FIG. 1 shows a first embodiment of the non-contact power feeding device of the present invention.
This non-contact power supply device supplies electric power from a ground facility to a moving body such as a transport vehicle by electromagnetic induction in a non-contact manner, and rectifies a received AC circuit for receiving power from the ground facility and a received AC current. A rectifier circuit, a voltage smoothing circuit that suppresses voltage fluctuation, a voltage detection circuit that detects the voltage of the voltage smoothing circuit, and a current control circuit that interrupts current from the rectifier circuit to the voltage smoothing circuit according to a signal from the voltage detection circuit And.

  In addition, this non-contact power feeding device regards the purpose of providing a saturable reactor as secondary voltage stabilization and is provided in parallel with the resonant circuit to suppress the current of the resonant circuit at no load. The transient voltage change due to the self-heating of the saturated reactor or temperature change is controlled by intermittently controlling the current after rectifying the receiving coil generated voltage by the load supply voltage value, thereby suppressing the peak voltage and allowing the voltage supplied to the load Stable non-contact power feeding is performed at a voltage lower than the upper limit.

In FIG. 1, reference numeral 1 denotes a power receiving coil, and the power receiving coil 1 is installed so as to straddle a power supply line 2 laid in parallel.
The feeder line 2 is connected to a high frequency power supply device (not shown), and a high frequency current of about 10 kHz is supplied from the high frequency power supply device.
The power receiving circuit includes a power receiving coil 1, a resonant capacitor 3 that forms a resonant circuit, and a saturable reactor 4. A rectifying element 5 is connected to the output of the power receiving circuit as a rectifying circuit, and the output of the power receiving circuit is rectified. I am doing so.

Further, on the output side of the rectifying element 5, a current control circuit including an FET 6, a Zener diode 8, a diode 9 and a photocoupler 13 is provided. This current control circuit includes a subsequent voltage detection circuit including an FET 7. An overload voltage signal is sent.
The current control circuit performs control so that the current is interrupted by an excessive load voltage signal from the load voltage detection circuit.
The voltage smoothing circuit is connected so that the output of the FET 6 of the current control circuit is smoothed by the inductance 10 and the smoothing capacitor 11 and supplied to the load 12.

Here, when the voltage value of the voltage smoothing circuit exceeds the voltage value preset in the voltage detection circuit, an overvoltage signal is immediately sent from the voltage detection circuit to the current control circuit.
The current control circuit turns off the current from the rectifier circuit to the voltage smoothing circuit, and supplies the power stored in the smoothing capacitor 11 in the voltage smoothing circuit to the load.
When the power stored in the smoothing capacitor 11 decreases, the voltage of the voltage smoothing circuit decreases, so the overvoltage detection signal of the voltage detection circuit is turned OFF, and the current control circuit turns the current from the rectifier circuit to the voltage smoothing circuit again. Perform feedback control.
Thereby, the voltage supplied to the load can be stabilized at a voltage equal to or lower than an allowable upper limit.

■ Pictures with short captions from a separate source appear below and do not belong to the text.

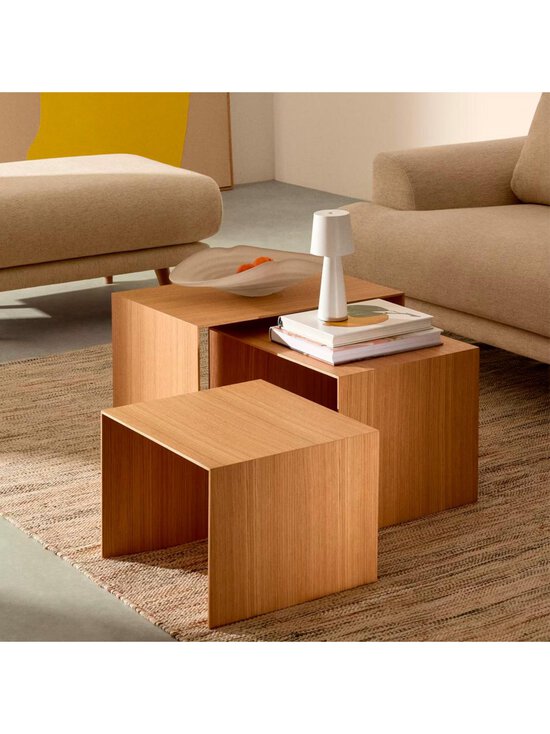 Kave Home - Litto-sarjapöytä 3 kpl tammi - BROWN | Stockmann - photo 6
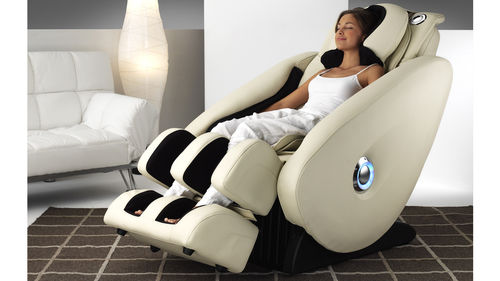 Leder-Massagesessel - SCALA M1200C - BH Fitness - mit Fußstütze / mit Kopfstütze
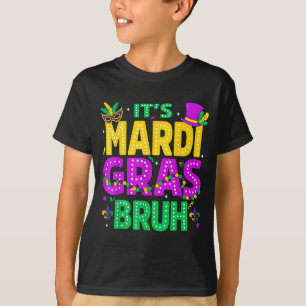 Camiseta É Mardi Gras Bruh Meme Adolescentes Meninos Piada
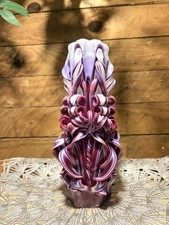 Beautiful Hand Carved Candle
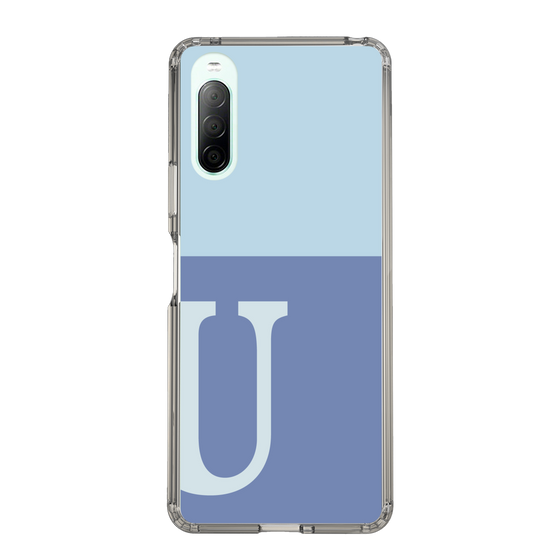 Slim Protection Case［ Original - initial two tone - U blue ］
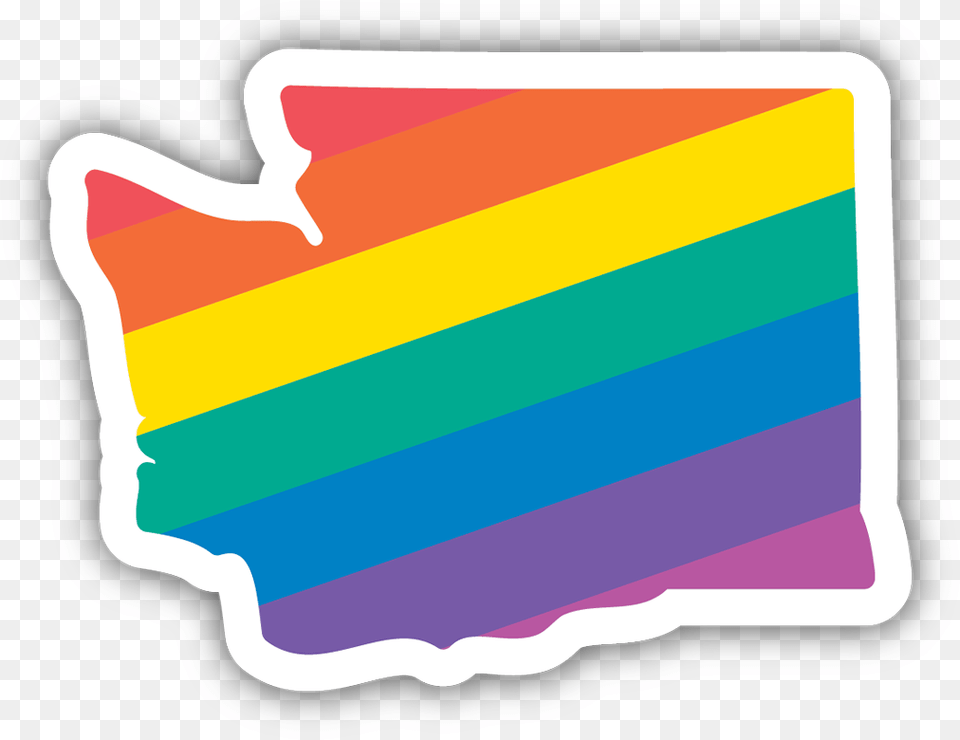 Washington Rainbow Sticker Plot Png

FIG. 2 shows the output voltage of the rectifier circuit, the ON / OFF state of the output of the current control circuit, and the voltage of the voltage smoothing circuit.
The waveform in each circuit is shown, (A) is a waveform diagram at light load, and (B) is a waveform diagram at heavy load.

In this embodiment, the case where the FET (field effect transistor) is used as the switching element has been described. However, a bipolar transistor or an insulated gate transistor (IGBT) can be used instead of the bipolar transistor.
Further, although a Zener diode is used for the operating voltage of the FET 6, a constant voltage circuit such as a forward voltage of the diode can also be used.

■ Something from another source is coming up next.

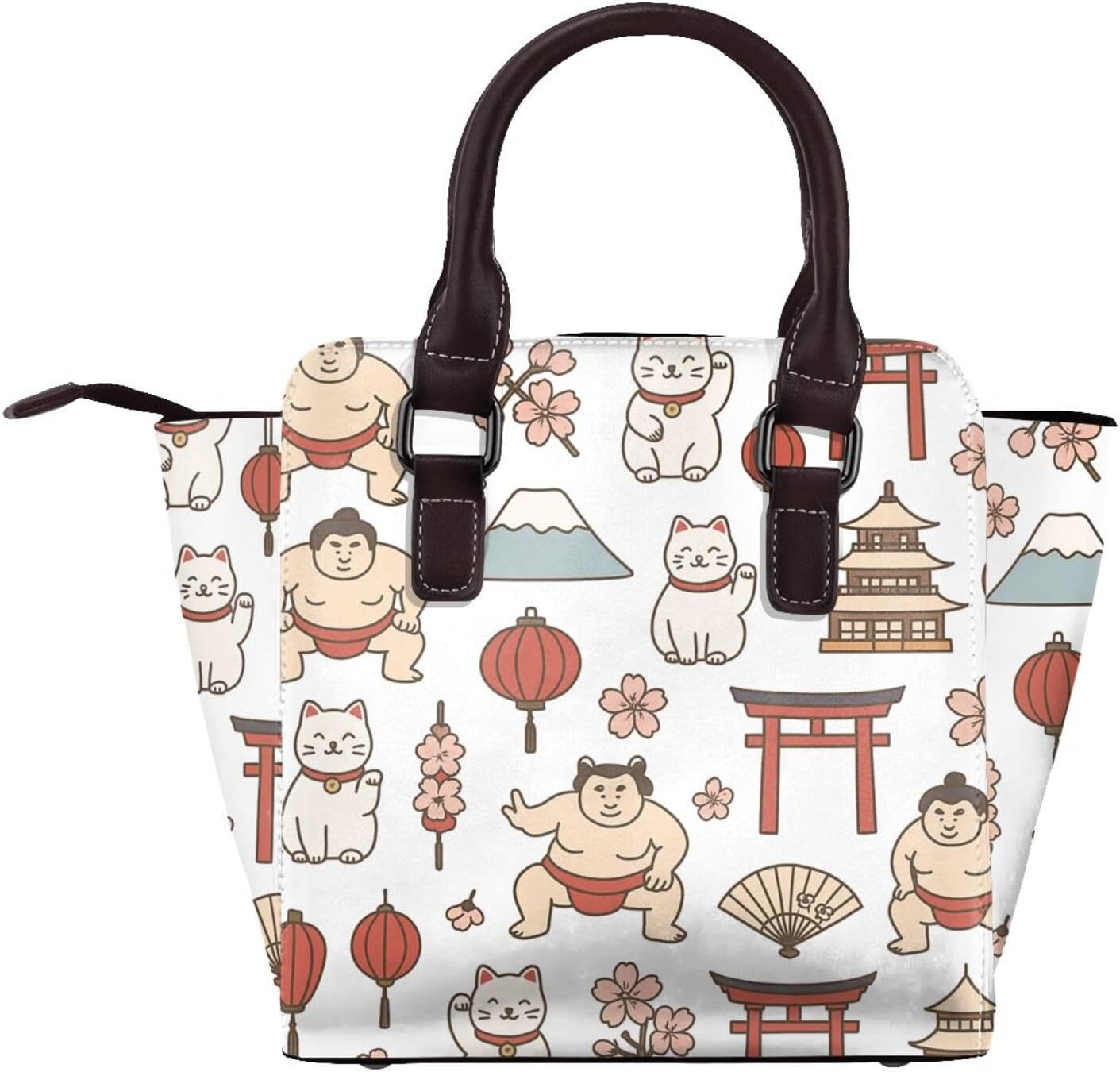 Kawaii Japan Culture Pu Leather Crossbody Studded Bag, Fashionable Shoulder Handbag With Detachable Shoulder Strap - Image 2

FIG. 3 shows a second embodiment of the non-contact power feeding device of the present invention.
This non-contact power supply device supplies electric power from a ground facility to a moving body such as a transport vehicle by electromagnetic induction in a non-contact manner, and rectifies a received AC circuit for receiving power from the ground facility and a received AC current. A rectifier circuit, a voltage detection circuit that detects a voltage before smoothing the voltage rectified by the rectifier circuit, a voltage smoothing circuit that suppresses voltage fluctuation, and a rectifier circuit to a voltage smoothing circuit according to a signal from the voltage detection circuit And a current control circuit for intermittently interrupting the current.

  In addition, this non-contact power feeding device regards the purpose of providing a saturable reactor as secondary voltage stabilization and is provided in parallel with the resonant circuit to suppress the current of the resonant circuit at no load. The transient voltage change due to the self-heating of the saturated reactor and the temperature change is controlled by the voltage value after rectification, the peak voltage is suppressed by the intermittent control of the current, and the voltage supplied to the load is stabilized below the allowable upper limit voltage. Non-contact power feeding is performed.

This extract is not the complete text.